Modern Movie Batman, however, has not, and this is arguably due to filmmakers’ reticence to bring on the Bat-family beyond Joel Schumacher casting Chris O’Donnell in Batman Forever and Batman & Robin (The latter also featured Alicia Silvestone as Batgirl). Much like post-Adam West Batman comics, post-Schumacher Batman is most clearly defined by a desire to move away from a blockbuster Batman deemed too toyetic and childish, and, ironically, it’s achieved by similar means: excising Robin, the scapegoat for kiddie Batman, because he is often portrayed as a child. (For more on the cyclical nature of Batman fandom, check out Glen Weldon’s excellent book The Caped Crusade.)
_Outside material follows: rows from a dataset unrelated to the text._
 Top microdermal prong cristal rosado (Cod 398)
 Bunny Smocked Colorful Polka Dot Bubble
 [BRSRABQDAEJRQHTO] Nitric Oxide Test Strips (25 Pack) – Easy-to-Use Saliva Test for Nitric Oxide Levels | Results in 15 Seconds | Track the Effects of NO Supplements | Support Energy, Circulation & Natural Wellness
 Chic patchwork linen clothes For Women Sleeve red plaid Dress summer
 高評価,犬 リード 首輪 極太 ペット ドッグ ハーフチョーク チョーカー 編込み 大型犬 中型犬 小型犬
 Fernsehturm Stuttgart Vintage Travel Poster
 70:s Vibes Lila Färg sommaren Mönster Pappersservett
“You... you left yourself wide open,” Robin says to Batman as they deal with some museum thieves, “No I didn’t,” Batman replies, “You were there,” in Robin #9 (1994). Image: Chuck Dixon, Tom Grummett/DC Comics

This is narrow thinking. Robin — and the entire Bat-family — is the answer to all these ponderous questions that crop up around Bat-films about whether or not Batman’s crusade is effective or worthwhile or achieving anything. The Bat-family is how Bruce Wayne’s singular mission can take on a more complex, human shape, with characters that are raised under it and push against it and interpret it differently.
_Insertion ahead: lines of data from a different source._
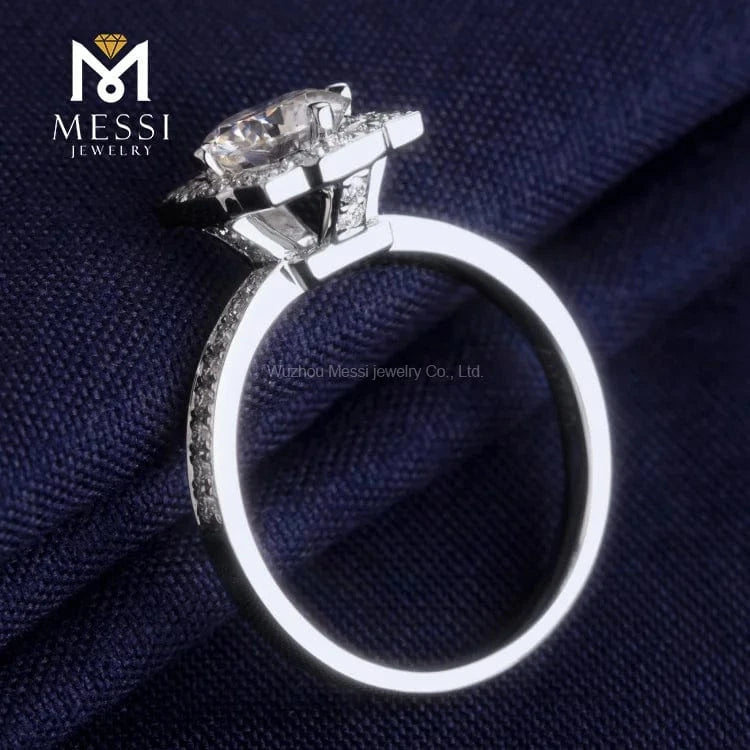 Messi Gold Jewelry 14k white gold price 1carat diamond moissanite ring for Thailand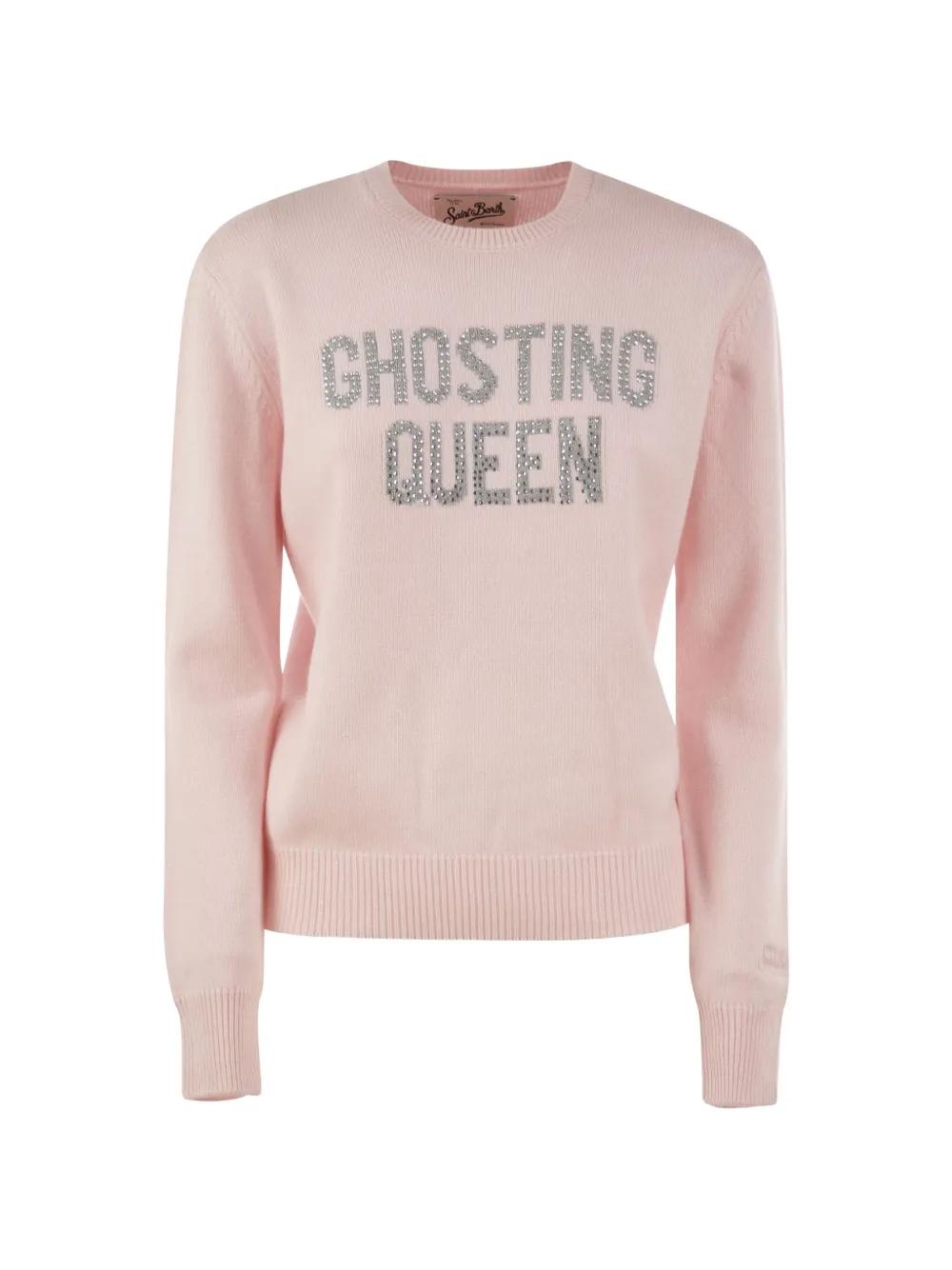 MC2 Saint Barth pink New Queen crewneck knit with Ghosting Queen rhinestone-embroidery Roze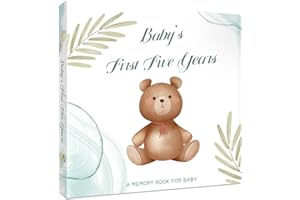 CHIMORY First 5 Years Baby Memory Book Journal - Hardcover Baby Memory Book Baby Scrapbook, Baby Books for New Parents Keepsake, Pregnancy Journal A Milestone Book to Record Every Event from Birth to Age 5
Batgirl and Batwoman start off as independent actors inspired by Batman’s crusade, each with their own motivations and subtly different moral lines. The various young men who have been Robin are all constant litmus tests for whether or not the idea of Batman is working: Has he made Gotham a safe enough place to send this young man out after him? Has bringing another of Gotham’s lost children under his wing made their lives better than his? Sometimes, the answer is yes — and Batman’s greatest tragedies are often when the answer is no.

There’s also an odd side effect to the Bat-family’s absence in film: It makes Batman’s only counterpoints villains, rich people, cops, and his own employees, direct representations of the failed institutions that necessitate Batman’s existence or, like Lucius Fox, people paid to keep him flush with toys. Without other bat-people around him, Batman frankly looks deranged, and the world must warp around him to prop up the assertion that he is not being ridiculous.
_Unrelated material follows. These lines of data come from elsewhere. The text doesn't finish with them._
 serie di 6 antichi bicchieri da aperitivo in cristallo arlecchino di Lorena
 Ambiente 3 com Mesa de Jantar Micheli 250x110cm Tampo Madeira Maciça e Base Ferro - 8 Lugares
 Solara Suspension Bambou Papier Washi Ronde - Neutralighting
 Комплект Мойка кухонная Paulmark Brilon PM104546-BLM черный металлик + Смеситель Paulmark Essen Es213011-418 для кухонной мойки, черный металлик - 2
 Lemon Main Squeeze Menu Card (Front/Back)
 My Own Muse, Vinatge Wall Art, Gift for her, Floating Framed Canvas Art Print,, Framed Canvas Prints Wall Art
Robert Pattinson as Bruce Wayne in The Batman. He wears his Batman costume but without the mask; his eyes ringed with black makeup. Image: Warner Bros. Pictures

On some level, modern Bat-films understand this. Christopher Nolan’s Dark Knight trilogy ultimately became about Harvey Dent as much as it was about Batman, a symbolic force for good that could clean up Gotham within the system without the need for masked justice — and ended with a more optimistic “Robin” in place to assume the cowl if needed. Ben Affleck’s late-career Batman is haunted by the loss of an unseen Robin, and his arc across two crossover films is one where he realizes that loss has turned him sour, and he needs others to keep him focused on hope.

So much of modern Batman cinema is dedicated to selling audiences on the fiction that the character sells to criminals: That he is a weird creature of the night, a boogeyman you don’t want to ever really see. Perhaps this is why tiresome arguments persist about why doesn’t Bruce Wayne just give money to charity instead, or put his considerable resources towards something other than custom bat-themed ninja gear. There is a desire for a richer world where being Batman does something to Gotham City other than inspire an allergic rash of carnival-themed madmen — a renewable resource that will never run dry, because Batman is a character that exists to fight such madmen.

This is frustrating because the answer to “does Batman make a difference” is there, and has always been there from the start, for anyone who cares to look. Despite the loss of his family, Batman becomes brave enough to build a new one. Then that family builds a better Batman: One that isn’t limited to just one man, or the stories told about him.